Abstract

Heavy ion collisions at the BNL Relativistic Heavy Ion Collider (RHIC) are well described by the (nearly ideal) hydrodynamics. In the present paper, we study the propagation of perturbations induced by moving charges (jets) on top of the expanding fireball, using hydrodynamics and (dual) magnetohydrodynamics. Two experimentally observed structures, called a ``cone'' and a ``hard ridge'', have been discovered in a dihadron correlation function with a large-${p}_{t}$ trigger, while a ``soft ridge'' is a similar structure seen without a hard trigger. All three can be viewed as traces left by a moving charge in matter, on top of overall expansion.
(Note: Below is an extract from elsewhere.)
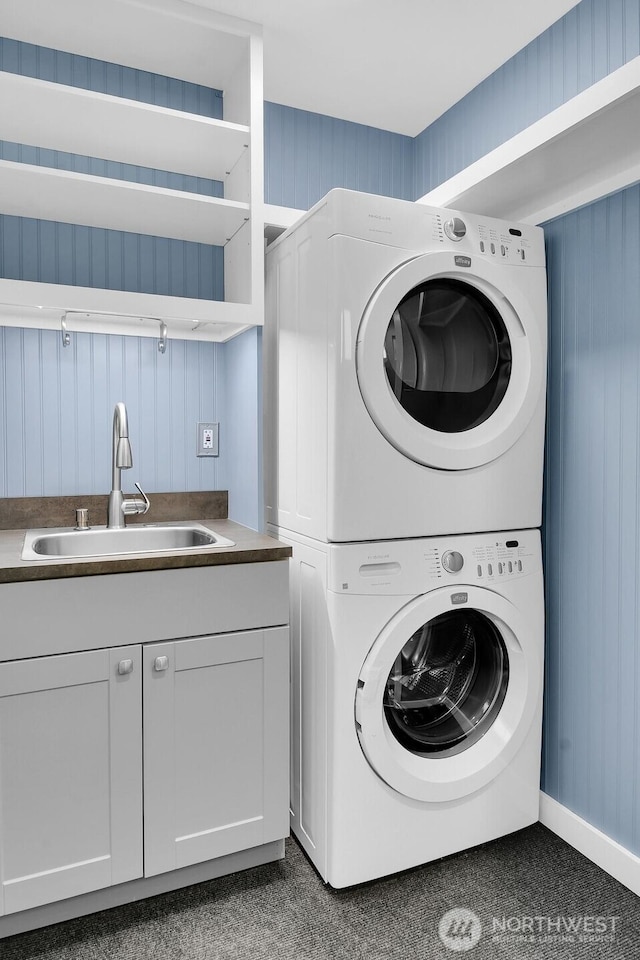 4138 21st Ave SW, Seattle, WA 98106 - laundry area with stacked washer / drying machine and cabinet space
A puzzle is why those perturbations are apparently rather well preserved at the time of the fireball freeze-out. We study two possible solutions: (A) a ``wave-splitting'' acoustic option and (B) a ``metastable electric flux tube'' option. In the first case, we show that rapidly variable speed of sound under certain conditions leads to secondary sound waves, which are at freeze-out time closer to the original location and have larger intensities than the first wave. In the latter case, we rely on (dual) magnetohydrodynamics, which also predicts two cones or cylinders of the waves. We also briefly discuss metastable electric flux tubes in the near-${T}_{c}$ phase and their relation to clustering data.